Why does the Open Targets Genetics portal display partial L2G scores on Locus pages when there is no evidence of colocalization?

The Open Targets Genetics “Locus” page shows which genes are prioritised by our Locus-to-Gene (L2G) scoring model. In this table, you can see the L2G score from the full model as well as “Partial L2G scores” from models that were built using only one category of predictors, such as distance only, colocalisation only, or QTL colocalisation only. These partial L2G scores can be used to assess how strong the evidence is from each of these categories for a given gene.

One of our users recently noticed that the partial L2G scores for “QTL colocalisation” are present even for studies without summary statistics. How can this be?


In this screenshot of the Locus page for the locus around 11_61830500_A_G (rs1535) for LDL cholesterol in Willer CJ (2013), the gene prioritisation using the L2G pipeline displays partial L2G scores for Variant Pathogenicity, Distance, QTL coloc, and Chromatin Interaction, even though the prioritised genes don’t all have evidence of colocalisation.

For studies without summary statistics, we use an alternative approximate colocalisation method. Briefly, we run the PICS method (Farh et al. 2015) to estimate the probability for each SNP to be causal at the study locus, and then use the CLPP method (Hormozdiari et al. 2016) to estimate colocalisation with QTLs.
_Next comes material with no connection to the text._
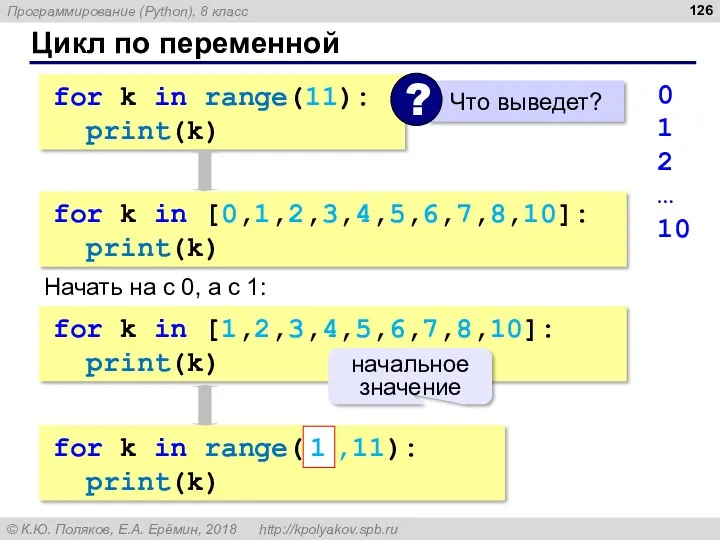 Цикл по переменной for k in range(11): print(k) 0 1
This information is used to generate input features for the L2G model, but these approximate colocalisations aren’t exposed anywhere else in the Genetics portal.
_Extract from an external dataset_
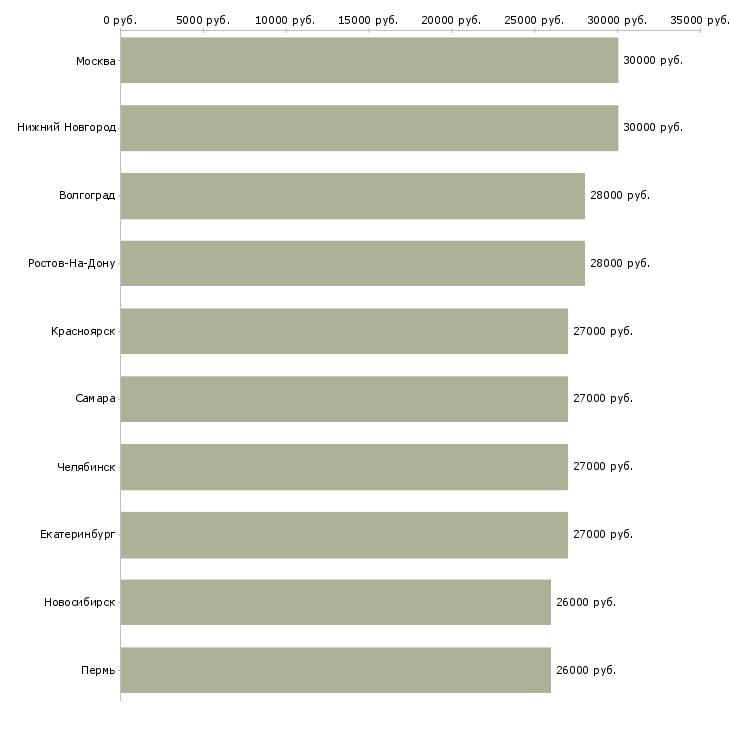 Поиск работы зарабатываем дополнительно-Медиана зарплаты для вакансии «зарабатываем дополнительно» в других городах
So, studies with summary statistics use colocalisation information from running the coloc method (Giambartolomei et al. 2014), while those without summary statistics use the alternative method.

The “Evidence of colocalisation” column will only show “Yes” for studies with summary statistics, and where the colocalisation probability is greater than 0.8 (PP.H4>0.8). However, smaller values of the colocalisation probability can still be used within the L2G model; the feature that includes coloc information for the L2G score uses continuous values of PP.H4/PP.H3, so it can incorporate values below 0.8 as partly predictive.

While it would be useful to be able to see which variants or data contributed to the predictions for L2G, such as variant pathogenicity and chromatin interaction, this isn’t currently possible with the way the model is implemented.